Reproduce the first line of the material below and each line after it, exactly, through the line containing "BagBase Brandable Key", and give nothing more.

....................

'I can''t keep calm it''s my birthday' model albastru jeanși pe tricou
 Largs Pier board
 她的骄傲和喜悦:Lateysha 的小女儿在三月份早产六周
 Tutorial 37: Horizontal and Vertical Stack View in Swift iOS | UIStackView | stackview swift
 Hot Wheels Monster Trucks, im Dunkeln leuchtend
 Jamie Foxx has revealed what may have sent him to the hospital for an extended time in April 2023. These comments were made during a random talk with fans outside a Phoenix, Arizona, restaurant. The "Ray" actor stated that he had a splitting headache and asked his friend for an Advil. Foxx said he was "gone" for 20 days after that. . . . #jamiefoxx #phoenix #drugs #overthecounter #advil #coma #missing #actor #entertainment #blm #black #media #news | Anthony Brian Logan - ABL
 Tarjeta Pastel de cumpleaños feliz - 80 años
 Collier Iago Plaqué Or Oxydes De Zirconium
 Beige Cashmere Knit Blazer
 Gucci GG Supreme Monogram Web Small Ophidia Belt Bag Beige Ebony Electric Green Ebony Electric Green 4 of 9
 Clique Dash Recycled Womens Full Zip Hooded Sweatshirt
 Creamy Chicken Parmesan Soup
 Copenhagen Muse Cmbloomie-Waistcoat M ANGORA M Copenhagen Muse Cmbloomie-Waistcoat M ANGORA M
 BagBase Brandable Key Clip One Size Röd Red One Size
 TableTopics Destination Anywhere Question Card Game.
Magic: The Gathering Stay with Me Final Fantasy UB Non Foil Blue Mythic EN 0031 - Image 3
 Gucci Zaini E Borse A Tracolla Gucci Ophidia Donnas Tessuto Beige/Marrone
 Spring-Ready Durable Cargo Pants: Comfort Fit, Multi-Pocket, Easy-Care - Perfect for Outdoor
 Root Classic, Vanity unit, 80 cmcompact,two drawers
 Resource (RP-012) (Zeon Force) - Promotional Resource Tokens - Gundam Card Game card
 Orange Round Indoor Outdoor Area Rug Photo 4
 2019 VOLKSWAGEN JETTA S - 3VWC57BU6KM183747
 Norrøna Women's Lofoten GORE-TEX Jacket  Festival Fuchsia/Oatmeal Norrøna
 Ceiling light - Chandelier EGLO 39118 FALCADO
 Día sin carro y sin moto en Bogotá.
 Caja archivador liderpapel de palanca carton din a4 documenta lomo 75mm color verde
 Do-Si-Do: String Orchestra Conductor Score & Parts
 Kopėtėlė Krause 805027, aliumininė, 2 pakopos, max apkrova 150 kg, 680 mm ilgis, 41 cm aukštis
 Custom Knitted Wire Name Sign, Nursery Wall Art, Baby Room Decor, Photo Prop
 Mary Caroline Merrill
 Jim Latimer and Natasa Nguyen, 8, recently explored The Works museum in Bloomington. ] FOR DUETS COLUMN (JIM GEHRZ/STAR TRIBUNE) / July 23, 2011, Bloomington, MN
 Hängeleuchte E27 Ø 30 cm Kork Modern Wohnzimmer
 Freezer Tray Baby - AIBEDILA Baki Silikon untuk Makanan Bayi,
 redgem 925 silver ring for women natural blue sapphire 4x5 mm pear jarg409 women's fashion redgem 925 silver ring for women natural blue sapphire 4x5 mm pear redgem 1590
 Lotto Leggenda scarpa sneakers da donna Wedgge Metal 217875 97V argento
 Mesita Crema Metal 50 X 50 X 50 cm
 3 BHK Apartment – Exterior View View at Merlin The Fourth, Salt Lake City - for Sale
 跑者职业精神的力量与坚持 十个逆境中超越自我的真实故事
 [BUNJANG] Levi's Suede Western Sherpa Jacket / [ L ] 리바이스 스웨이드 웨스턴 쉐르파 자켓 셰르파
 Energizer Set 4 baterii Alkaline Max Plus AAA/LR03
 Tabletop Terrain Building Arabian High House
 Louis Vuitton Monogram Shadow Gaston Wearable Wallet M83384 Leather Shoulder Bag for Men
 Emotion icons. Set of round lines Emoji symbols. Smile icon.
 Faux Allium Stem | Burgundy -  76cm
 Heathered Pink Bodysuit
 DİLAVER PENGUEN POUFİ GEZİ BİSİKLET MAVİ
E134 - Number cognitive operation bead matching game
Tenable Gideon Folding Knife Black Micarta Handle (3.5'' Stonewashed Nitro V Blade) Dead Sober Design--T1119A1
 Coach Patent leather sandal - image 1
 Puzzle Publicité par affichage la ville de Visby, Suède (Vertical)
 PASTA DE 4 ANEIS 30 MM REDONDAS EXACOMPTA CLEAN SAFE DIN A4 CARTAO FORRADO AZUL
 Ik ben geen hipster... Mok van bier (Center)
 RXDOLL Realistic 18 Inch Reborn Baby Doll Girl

....................

### Solution for this task
'I can''t keep calm it''s my birthday' model albastru jeanși pe tricou
 Largs Pier board
 她的骄傲和喜悦:Lateysha 的小女儿在三月份早产六周
 Tutorial 37: Horizontal and Vertical Stack View in Swift iOS | UIStackView | stackview swift
 Hot Wheels Monster Trucks, im Dunkeln leuchtend
 Jamie Foxx has revealed what may have sent him to the hospital for an extended time in April 2023. These comments were made during a random talk with fans outside a Phoenix, Arizona, restaurant. The "Ray" actor stated that he had a splitting headache and asked his friend for an Advil. Foxx said he was "gone" for 20 days after that. . . . #jamiefoxx #phoenix #drugs #overthecounter #advil #coma #missing #actor #entertainment #blm #black #media #news | Anthony Brian Logan - ABL
 Tarjeta Pastel de cumpleaños feliz - 80 años
 Collier Iago Plaqué Or Oxydes De Zirconium
 Beige Cashmere Knit Blazer
 Gucci GG Supreme Monogram Web Small Ophidia Belt Bag Beige Ebony Electric Green Ebony Electric Green 4 of 9
 Clique Dash Recycled Womens Full Zip Hooded Sweatshirt
 Creamy Chicken Parmesan Soup
 Copenhagen Muse Cmbloomie-Waistcoat M ANGORA M Copenhagen Muse Cmbloomie-Waistcoat M ANGORA M
 BagBase Brandable Key Clip One Size Röd Red One Size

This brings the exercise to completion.